BEGIN Collected material

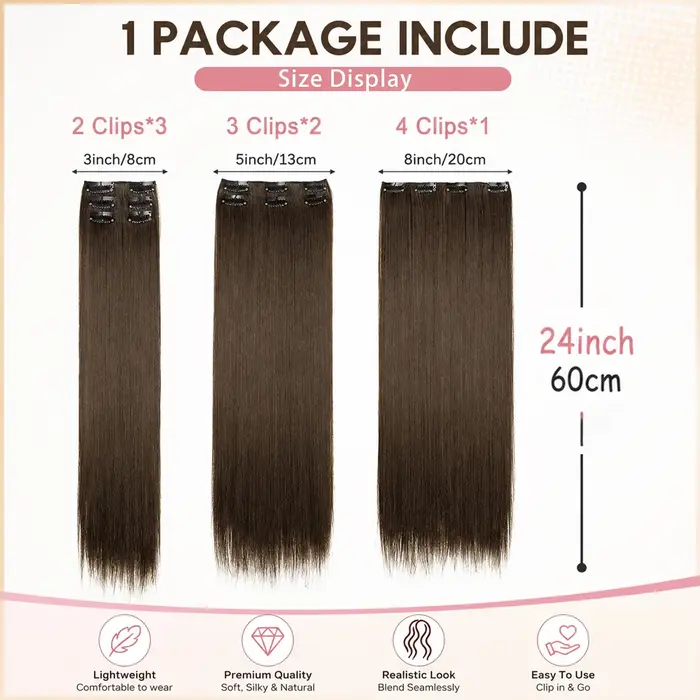 Extensions de cheveux noirs 24 pouces/60 cm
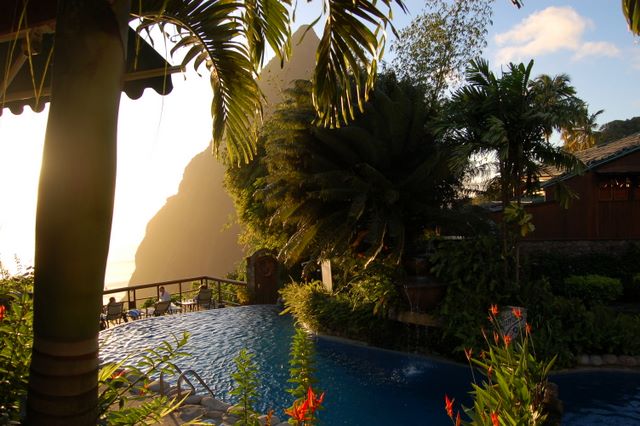 Pool with a view. Ladera, St. Lucia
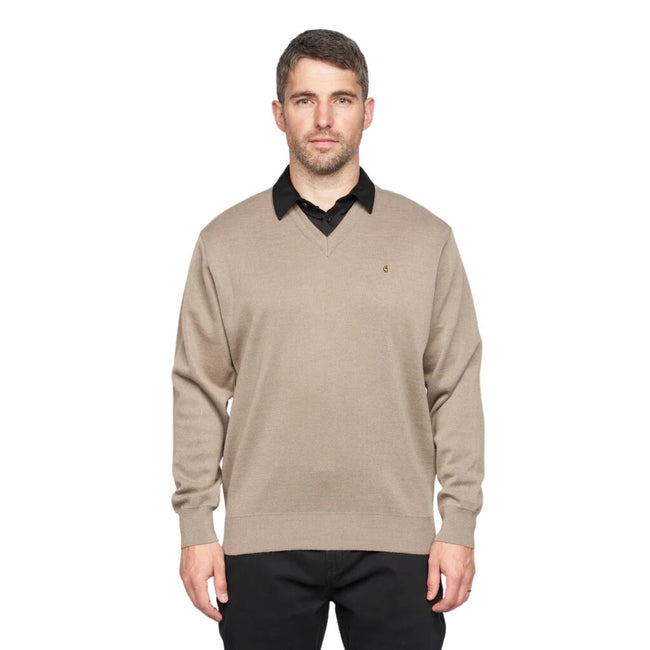 Gabicci Jumpers - K01 Classic V Neck - Stone Main Image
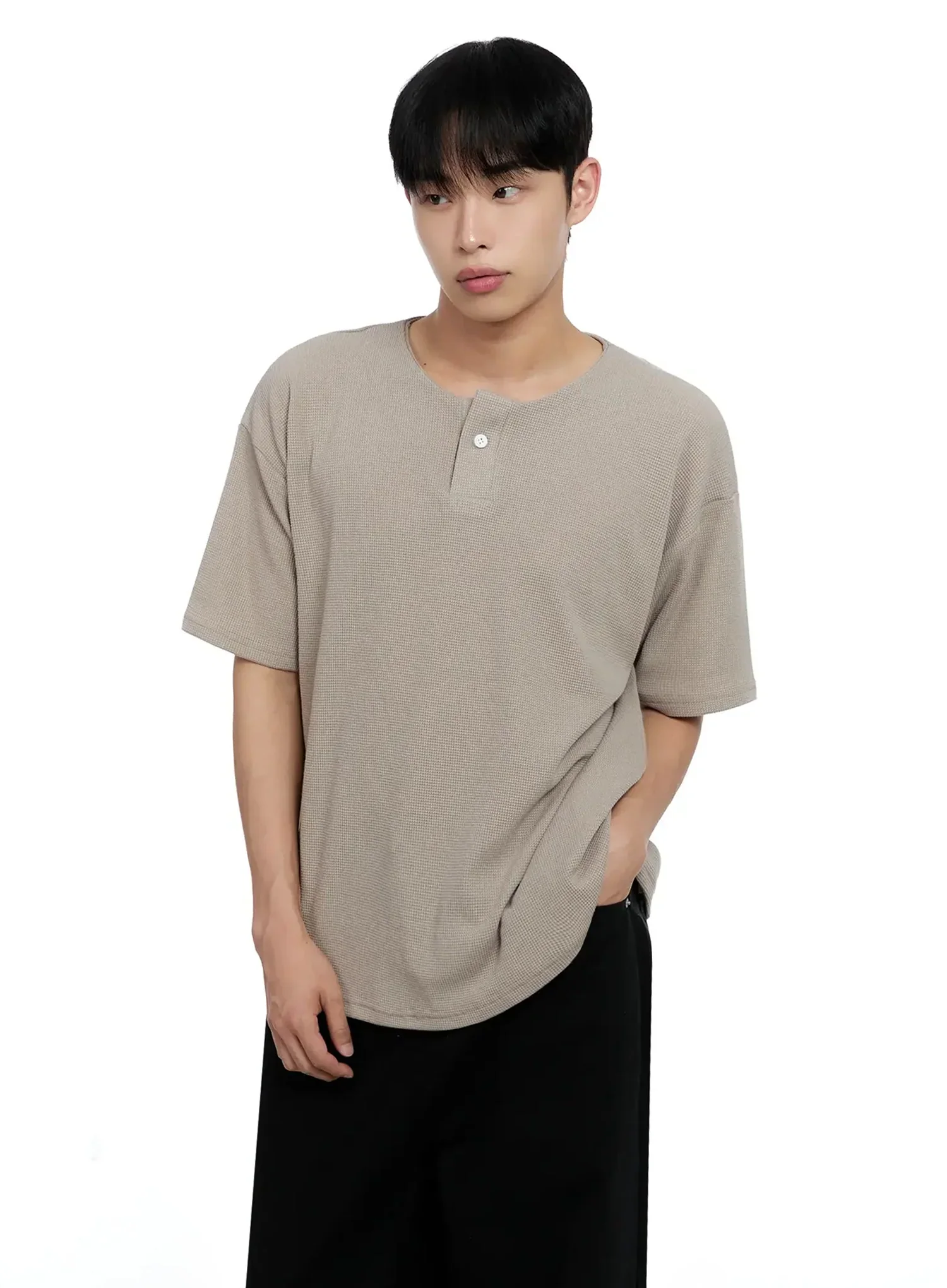 Men's Textured Henley T-shirt IG520 - Image 9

END Collected material

**What to do**
Copy each line of the material above exactly, but not the images.

**Reply**
 Extensions de cheveux noirs 24 pouces/60 cm
 Pool with a view. Ladera, St. Lucia
 Gabicci Jumpers - K01 Classic V Neck - Stone Main Image
 Men's Textured Henley T-shirt IG520 - Image 9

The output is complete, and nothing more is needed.